DESCRIPTION OF THE TASK: Your response should consist solely of the lines from the one containing "tagme, harp, instrument, red hair, ribbon" through the final line of the entries, repeated exactly.

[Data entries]
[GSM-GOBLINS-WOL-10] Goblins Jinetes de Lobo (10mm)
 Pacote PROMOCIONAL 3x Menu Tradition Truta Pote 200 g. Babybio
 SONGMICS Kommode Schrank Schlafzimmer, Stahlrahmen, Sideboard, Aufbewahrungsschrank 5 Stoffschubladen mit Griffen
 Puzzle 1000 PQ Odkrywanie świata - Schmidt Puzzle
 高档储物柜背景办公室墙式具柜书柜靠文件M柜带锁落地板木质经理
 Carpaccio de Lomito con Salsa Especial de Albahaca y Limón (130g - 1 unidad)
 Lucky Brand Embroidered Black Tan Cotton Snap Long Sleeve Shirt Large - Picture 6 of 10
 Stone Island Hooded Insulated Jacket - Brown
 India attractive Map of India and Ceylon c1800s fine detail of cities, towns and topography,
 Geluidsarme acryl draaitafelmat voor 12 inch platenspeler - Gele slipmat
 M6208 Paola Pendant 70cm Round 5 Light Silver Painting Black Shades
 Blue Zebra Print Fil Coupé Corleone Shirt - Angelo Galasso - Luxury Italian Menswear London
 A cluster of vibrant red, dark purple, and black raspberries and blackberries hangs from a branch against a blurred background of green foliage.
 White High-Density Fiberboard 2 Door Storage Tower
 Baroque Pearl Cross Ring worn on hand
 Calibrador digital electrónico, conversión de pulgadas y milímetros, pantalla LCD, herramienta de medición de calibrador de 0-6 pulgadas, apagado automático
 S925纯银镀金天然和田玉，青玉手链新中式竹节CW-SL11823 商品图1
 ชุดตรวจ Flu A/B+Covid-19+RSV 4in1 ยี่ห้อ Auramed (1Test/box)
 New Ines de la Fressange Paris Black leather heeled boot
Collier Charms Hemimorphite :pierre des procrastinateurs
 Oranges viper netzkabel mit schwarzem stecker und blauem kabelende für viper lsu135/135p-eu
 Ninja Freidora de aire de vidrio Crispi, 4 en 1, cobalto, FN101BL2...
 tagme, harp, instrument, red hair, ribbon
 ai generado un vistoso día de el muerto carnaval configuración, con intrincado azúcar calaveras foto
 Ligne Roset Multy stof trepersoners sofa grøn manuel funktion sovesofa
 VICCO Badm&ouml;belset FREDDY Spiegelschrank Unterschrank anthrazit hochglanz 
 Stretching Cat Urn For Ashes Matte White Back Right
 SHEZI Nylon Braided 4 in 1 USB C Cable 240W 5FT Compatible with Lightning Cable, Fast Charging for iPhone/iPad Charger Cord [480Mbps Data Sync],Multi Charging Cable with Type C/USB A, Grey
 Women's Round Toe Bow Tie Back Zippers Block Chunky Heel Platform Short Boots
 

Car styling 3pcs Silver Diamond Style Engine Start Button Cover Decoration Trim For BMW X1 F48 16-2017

EXPECTED ANSWER:
 tagme, harp, instrument, red hair, ribbon
 ai generado un vistoso día de el muerto carnaval configuración, con intrincado azúcar calaveras foto
 Ligne Roset Multy stof trepersoners sofa grøn manuel funktion sovesofa
 VICCO Badm&ouml;belset FREDDY Spiegelschrank Unterschrank anthrazit hochglanz 
 Stretching Cat Urn For Ashes Matte White Back Right
 SHEZI Nylon Braided 4 in 1 USB C Cable 240W 5FT Compatible with Lightning Cable, Fast Charging for iPhone/iPad Charger Cord [480Mbps Data Sync],Multi Charging Cable with Type C/USB A, Grey
 Women's Round Toe Bow Tie Back Zippers Block Chunky Heel Platform Short Boots
 

Car styling 3pcs Silver Diamond Style Engine Start Button Cover Decoration Trim For BMW X1 F48 16-2017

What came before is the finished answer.